We were invited into Webster's very humble home where his family put on a presentation about AIDS. Webster is the tall one with the red shirt and his wife is in the skirt next to him. The picture is taken in what we would call the living room. The kitchen had a small coal-burning stove in it, and a very small amount of food. That was it. The bedrooms were small with just a few things in them as well. They were so proud of their home. It was then that I realized how important it is for me to be happy with a small, simple home and that what I have here in America is about as fancy as it gets compared to what the majority of the Africans have. Webster is a member of the church and works for Mothers Without Borders. He spends his time teaching the children in different communities about health and self-worth.
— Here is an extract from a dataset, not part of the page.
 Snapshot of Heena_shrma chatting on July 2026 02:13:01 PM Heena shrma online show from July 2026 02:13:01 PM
He has more energy, life and love than most people I know. Webster and his wife Sharon both have AIDS. Saying goodbye to the many people I had met who have AIDS was a very tender experience. Who knows how much longer they will live.
We started our journey at the orphanage and ended it at the cemetery. There is truly no way to express how it felt to drive through miles and miles of this cemetery and to catch glimpses of the dates on the headstones. Over and over and over again I saw headstones with birth dates too close to my own. These were my peers who were being buried. Mothers, fathers, children crowding this enormous cemetery. It is estimated that during the two weeks I was in Africa, over 80,000 children lost a parent to AIDS. Stephen Lewis describes it well in his book Race Against Time. "All of us who live in privileged western societies experience death from time to time, but in much of southern Africa that's all people know. Their lives consist of attending funerals. It's commonplace to say that every family in every country has suffered a loss in the carnage of AIDS. But merely to use the words is to rob them of meaning." I wish my experience had proved otherwise but I don't think I met a single person who had not lost an immediate family member to AIDS. Imagine our society if every one you knew had lost a parent, a sibling, or a child to AIDS. That is the reality of Africa.
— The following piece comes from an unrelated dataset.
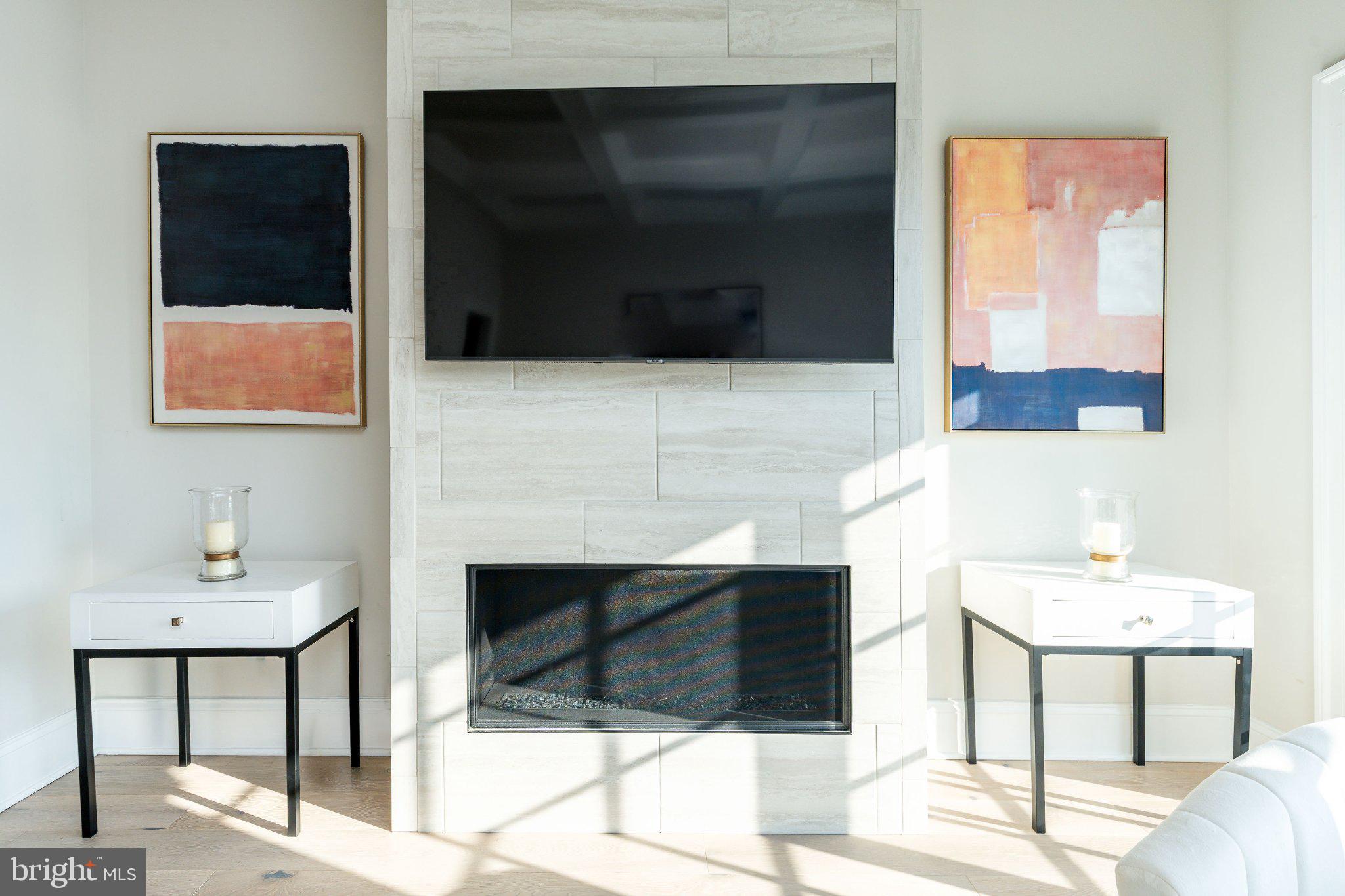 206 North Aberdeen Avenue, Unit D Wayne, PA 19087 - Photo 13 of 36 Modern elegance with artistic flair.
I still can't even begin to grasp it. What I do grasp is that this is a tragedy. It is happening in our world right this minute. Who knows how many people died from AIDS or hunger since you first starting reading this post. I can't stop wondering why it is that we are so blessed and pampered here in America. Whatever the reason, I know that where much is given, much is required. It is essential that we do our part, whatever that is.
I believe that God will take care of those who pass on. However, with His help, it is our responsibility to ease the suffering of those who are left. Elder Holland once said, "May God, who has blessed all of us so mercifully and many of us so abundantly, bless us with one thing more. May He bless us to hear the often silent cries of the sorrowing and afflicted, the downtrodden, the disadvantaged, the poor. Indeed may He bless us to hear the whispering of the Holy Spirit when any neighbor anywhere is suffering and to drop everything and come running."